O desmonte do SUS em tempos de Bolsonaro
A Rede Social de Justiça e Direitos Humanos lançou hoje na UFRJ, no Rio de Janeiro o seu 20º relatório: “Direitos Humanos no Brasil 2019” para comemorar os 20 anos de atuação da entidade. Com prefácio de Chico Alencar, o documento analisa avanços e retrocessos durante duas décadas em temas como meio ambiente, direito financeiro, questão agrária e indígena, agrotóxicos, dentre outro. Em São Paulo, o relatório foi lançado no início do mês. Segue abaixo o artigo de José Alexandre Buso Weiller publicado no documento. No final, o arquivo está disponível para download.

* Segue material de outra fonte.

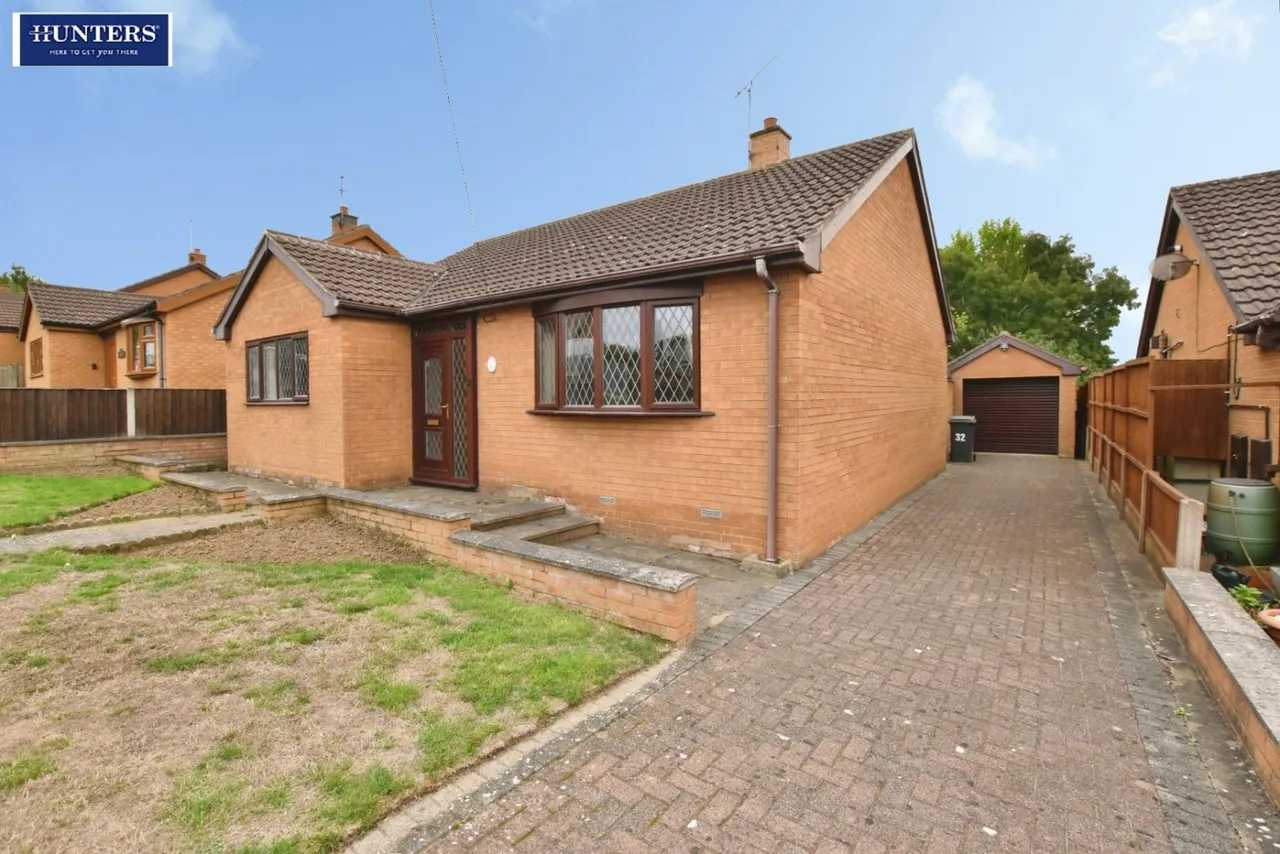 Rosedale, Scunthorpe, DN17, photo 15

O desmonte do SUS é um processo de longo prazo, mas que se tornou mais intenso com o governo Bolsonaro. Para além do SUS, o que ocorre no governo em vigência são políticas voltadas à precarização das condições de vida e saúde da população, ou seja, políticas para a morte.
por José Alexandre Buso Weiller, presidente da Associação Paulista de Saúde Pública e membro do Grito dos Excluídos/as Continental.

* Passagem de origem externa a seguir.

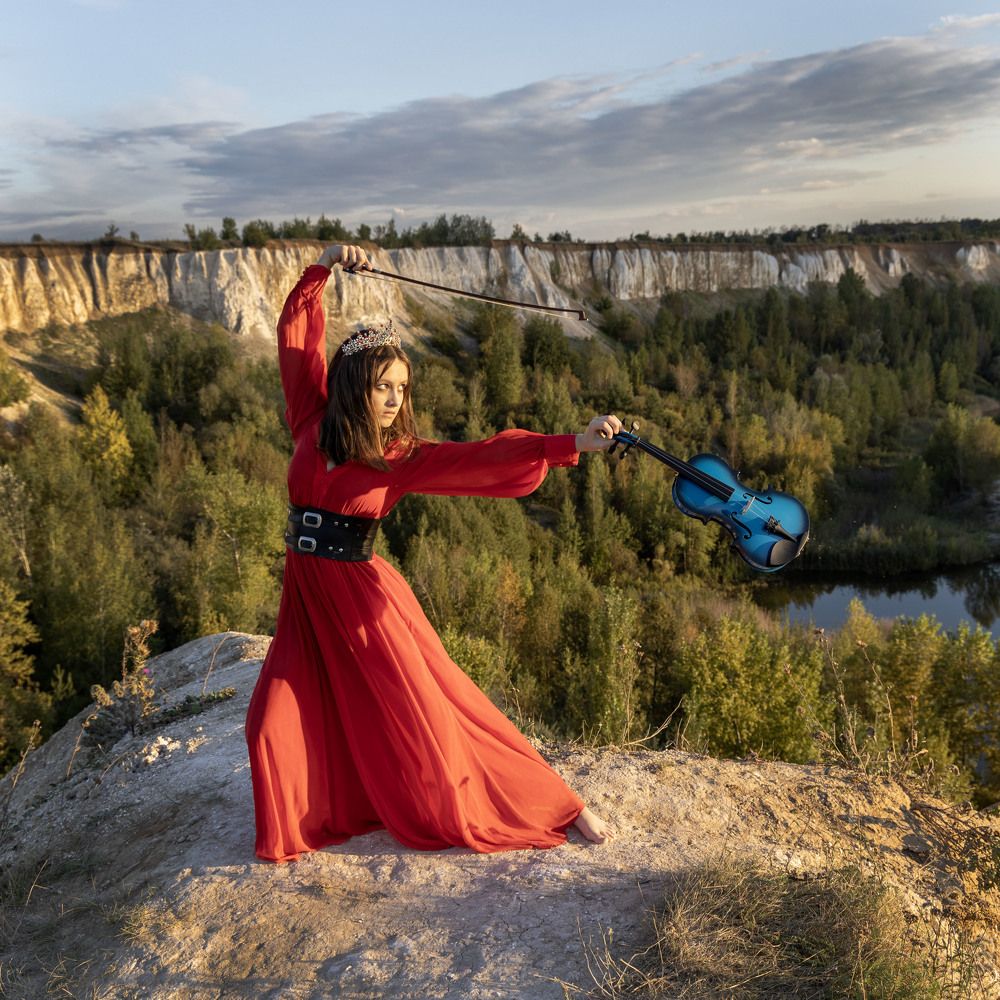 Photograph by Елена Ветрова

Desde a aprovação da Emenda Constitucional 95 (EC 95/2016), todo o Sistema Único de Saúde tem sido afetado não mais pelo cenário de subfinanciamento, ou seja, de gastos públicos em saúde, e em especial os gastos federais que ficam muito abaixo dos gastos realizados por outros países que possuem sistemas universais (Canadá, Inglaterra, França, entre outros). Enquanto tais países dedicam aproximadamente 8% do Produto Interno Bruto (PIB) de gastos públicos em saúde, no Brasil esse valor não chega a 4%, segundo dados do Banco Mundial. Outra forma de medir o quão subfinanciado o SUS é, considerando o ano de 2017, contava-se com R$ 3,50 per capita/dia para financiar o acesso dos brasileiros à saúde, sendo que o gasto público (45%) foi menor do que o gasto privado, muito diferente de outros países com sistemas universais em que o gasto público é equivalente, em média, a 70% dos gastos totais com saúde.

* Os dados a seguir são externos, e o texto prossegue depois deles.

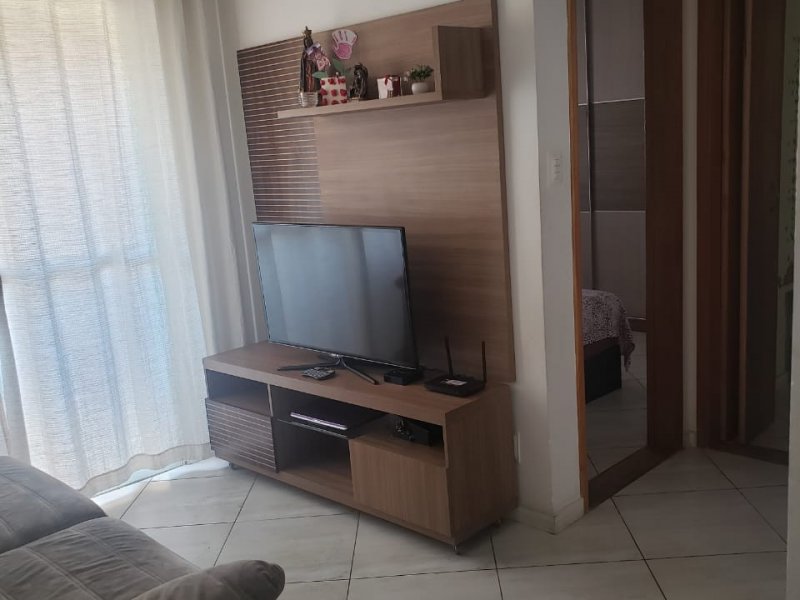 imóvel com 51m² - Santa Maria - Osasco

Assim, se antes tínhamos um cenário de subfinanciamento, com a aprovação da EC 95/2016 passamos a ter um cenário de desfinanciamento, ou seja, queda nos valores gastos pelo governo federal. No cenário de congelamento do piso de aplicação em saúde, o SUS já perdeu R$ 8,5 bilhões em 2019, como resultado da diferença entre R$ 127 bilhões – 15% da RCL (receita corrente líquida) prevista para 2019 (mínimo obrigatório caso não vigorasse a EC 95) – e o valor orçamentário disponível para 2019, de R$ 118,5 bilhões (dotação da LOA, Lei Orçamentária Anual, subtraindo-se os valores contingenciados). Se a situação prevista para 2019 já é precária, é importante considerar que do total do orçamento para as Ações e Serviços Públicos de Saúde (ASPS) empenhado em 2018 (R$ 117,5 bilhões), R$ 11,7 bilhões não foram pagos, dos quais apenas R$ 1,0 bilhão foi referente às emendas impositivas e R$ 10,7 bilhões foram de ações programáticas. Assim, o valor para pagamento das ASPS para 2019 também será reduzido para caber parcela desse adicional dos valores empenhados e não pagos em 2018.
Para termos uma noção mais exata do que significa a vigência da EC 95/2016, simulamos, entre 2000 e 2017, o valor aplicado por todos os entes em saúde como se tivessem sido corrigidos somente pela inflação, sem o efeito da vinculação instituído pela EC 29/00. Como resultado, o valor total gasto em saúde em 2017 teria sido de R$ 104,6 bilhões, equivalente a apenas 39% do que foi gasto (R$ 266 bilhões), o que resultaria numa rede do SUS menor em todo o território nacional, com o equivalente a quase
1/3 do que foi investido em 2017, ou seja, o gasto federal de saúde neste período de 2000 a 2017 teria sido 1,2 trilhão menor do que o observado. Como parte deste cenário, obviamente, as forças políticas que garantiram e têm garantido a continuidade de políticas de austeridade têm recebido, indiretamente, apoio do atual governo mediante o silêncio do Ministro da Saúde e dos demais dirigentes do Ministério da Saúde nesses primeiros oito meses de governo Bolsonaro.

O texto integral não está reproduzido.